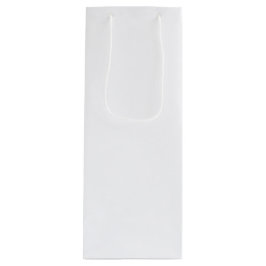 Sacola Para Vinho Modelo LUSTROSO feito sob encomenda do vazio do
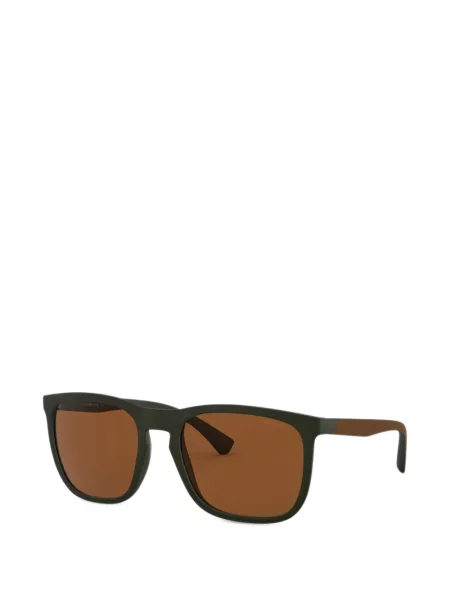 Ochelari de soare Emporio Armani verde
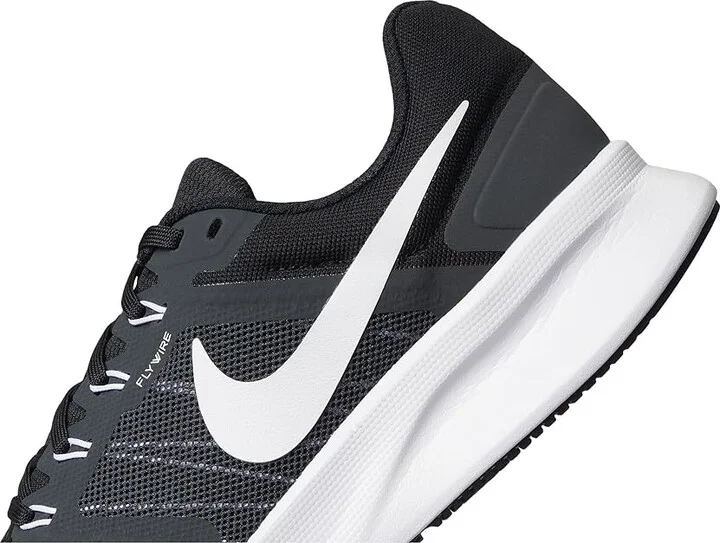 Nike Run Swift 3 Women's Shoes Black/White/Dark Smoke Grey : 10 B - Medium - Image 7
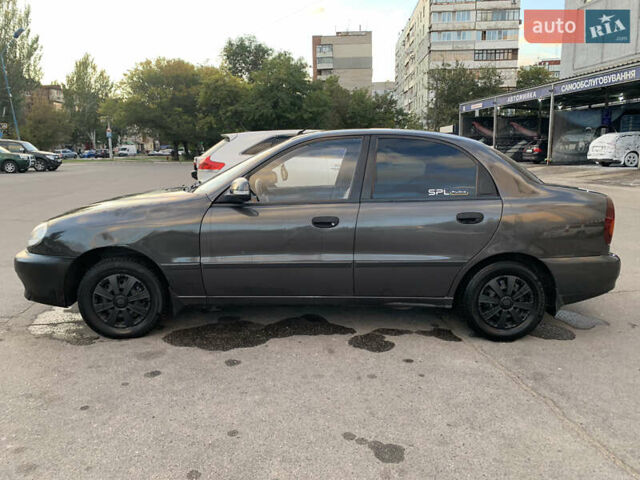 Серый ЗАЗ Сенс, объемом двигателя 1.3 л и пробегом 129 тыс. км за 2600 $, фото 1 на Automoto.ua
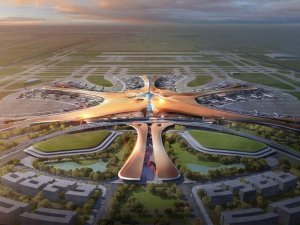 Çin’in yeni mega havaalanı açılmaya hazır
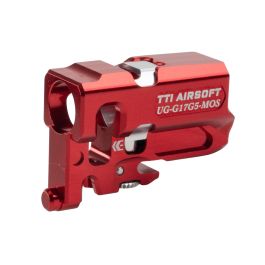 TTI Airsoft GHK G17 Gen5 MOS GBB Airsoft Infinity One Piece Full CNC TDC Hop Up Chamber - RD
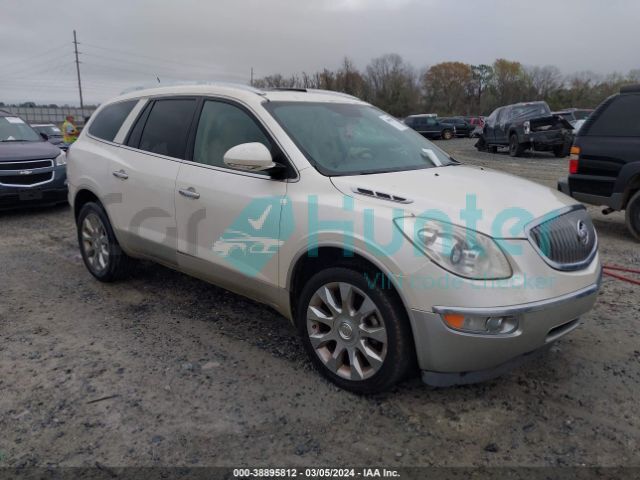 buick enclave 2011 5gakrced8bj326414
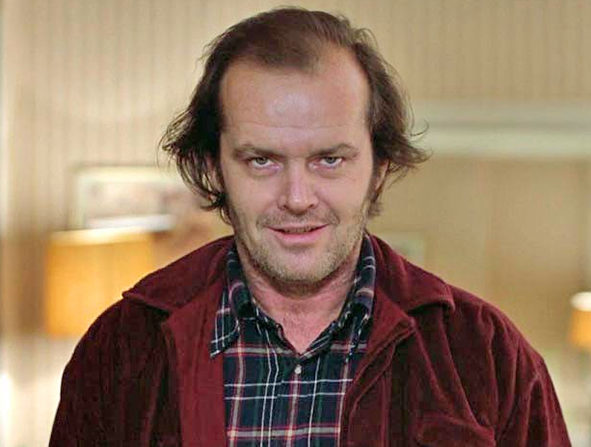 Um de seus personagens mais inesquecíveis inclui Jack Torrance, do clássico O Iluminado (1980).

*-*-*

**Problem details:** Starting at the line that contains "buick enclave 2011 5gakrced8bj326414", retype each line through the final one in the listing, with both ends kept and the pictures omitted.

**Solution to the problem:**
 buick enclave 2011 5gakrced8bj326414
 Um de seus personagens mais inesquecíveis inclui Jack Torrance, do clássico O Iluminado (1980).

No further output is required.